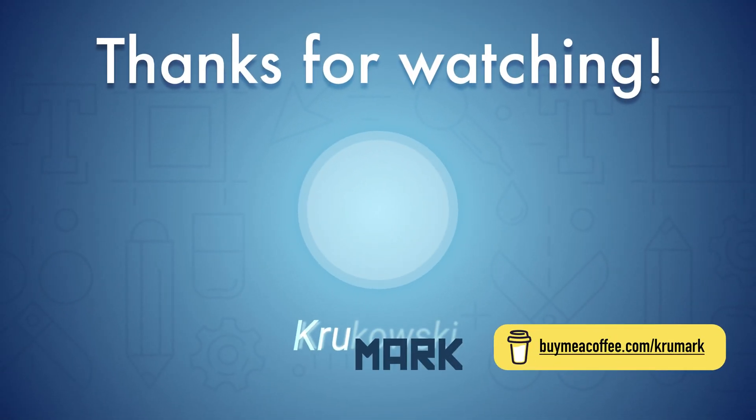I hope this was helpful. Please consider subscribing to my channel for more tutorials. See you in the next one.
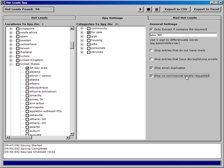And so that's just a brief overview of how to use the Hot Lead Spy. As I said, there'll be more videos and tutorials on using this shortly.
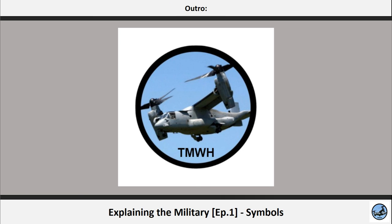This brings an end to our video. We hope that you have found this interesting, as we plan on making a couple more of these episodes in which we will explain how the military works. Thank you for watching, and remember to use badly drawn sad faces to indicate CBRN units.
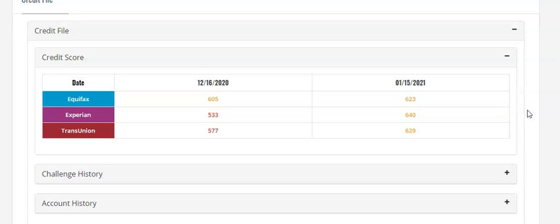This is absolutely exciting. So if you're having some credit troubles and you want us to help you with this process, this software is absolutely phenomenal in what it does for individuals in reversing their credit. Click the buttons down below—I believe our number's in the description area as well. See you on the next video.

Requirement – Copy the full listing above exactly, apart from the pictures.

Written response –
I hope this was helpful. Please consider subscribing to my channel for more tutorials. See you in the next one.
And so that's just a brief overview of how to use the Hot Lead Spy. As I said, there'll be more videos and tutorials on using this shortly.
This brings an end to our video. We hope that you have found this interesting, as we plan on making a couple more of these episodes in which we will explain how the military works. Thank you for watching, and remember to use badly drawn sad faces to indicate CBRN units.
This is absolutely exciting. So if you're having some credit troubles and you want us to help you with this process, this software is absolutely phenomenal in what it does for individuals in reversing their credit. Click the buttons down below—I believe our number's in the description area as well. See you on the next video.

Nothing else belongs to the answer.